DATA SHOWN =>
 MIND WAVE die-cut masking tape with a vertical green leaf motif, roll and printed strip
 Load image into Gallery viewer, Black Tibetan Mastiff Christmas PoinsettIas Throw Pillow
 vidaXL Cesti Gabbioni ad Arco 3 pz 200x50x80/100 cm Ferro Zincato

TASK ITEM =>
The expected output is the complete listing, word for word.

EXPECTED ANSWER =>
 MIND WAVE die-cut masking tape with a vertical green leaf motif, roll and printed strip
 Load image into Gallery viewer, Black Tibetan Mastiff Christmas PoinsettIas Throw Pillow
 vidaXL Cesti Gabbioni ad Arco 3 pz 200x50x80/100 cm Ferro Zincato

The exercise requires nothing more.